▸ **What the exercise asks**
In the listing below, a line holding "World Thrombosis Day" and a line holding "Western blot analysis" mark the range. Retype both exactly, with all lines between them.

▸ **Material shown**
::::
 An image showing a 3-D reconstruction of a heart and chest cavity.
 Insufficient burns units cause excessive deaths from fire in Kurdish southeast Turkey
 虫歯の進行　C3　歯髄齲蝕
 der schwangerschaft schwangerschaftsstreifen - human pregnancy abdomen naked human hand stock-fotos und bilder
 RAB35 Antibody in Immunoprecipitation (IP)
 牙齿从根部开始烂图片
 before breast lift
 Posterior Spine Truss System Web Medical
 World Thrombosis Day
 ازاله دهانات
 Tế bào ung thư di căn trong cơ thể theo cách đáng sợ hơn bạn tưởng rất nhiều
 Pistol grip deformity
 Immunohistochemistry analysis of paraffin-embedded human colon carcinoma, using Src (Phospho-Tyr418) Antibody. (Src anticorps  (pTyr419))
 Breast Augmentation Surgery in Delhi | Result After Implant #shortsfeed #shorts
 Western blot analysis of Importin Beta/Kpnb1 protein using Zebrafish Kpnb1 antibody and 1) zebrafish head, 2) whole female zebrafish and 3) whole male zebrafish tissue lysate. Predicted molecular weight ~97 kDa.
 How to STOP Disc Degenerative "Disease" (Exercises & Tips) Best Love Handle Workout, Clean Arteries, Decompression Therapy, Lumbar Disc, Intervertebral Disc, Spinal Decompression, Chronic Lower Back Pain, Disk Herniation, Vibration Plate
::::
▸ **Output for this exercise**
 World Thrombosis Day
 ازاله دهانات
 Tế bào ung thư di căn trong cơ thể theo cách đáng sợ hơn bạn tưởng rất nhiều
 Pistol grip deformity
 Immunohistochemistry analysis of paraffin-embedded human colon carcinoma, using Src (Phospho-Tyr418) Antibody. (Src anticorps  (pTyr419))
 Breast Augmentation Surgery in Delhi | Result After Implant #shortsfeed #shorts
 Western blot analysis of Importin Beta/Kpnb1 protein using Zebrafish Kpnb1 antibody and 1) zebrafish head, 2) whole female zebrafish and 3) whole male zebrafish tissue lysate. Predicted molecular weight ~97 kDa.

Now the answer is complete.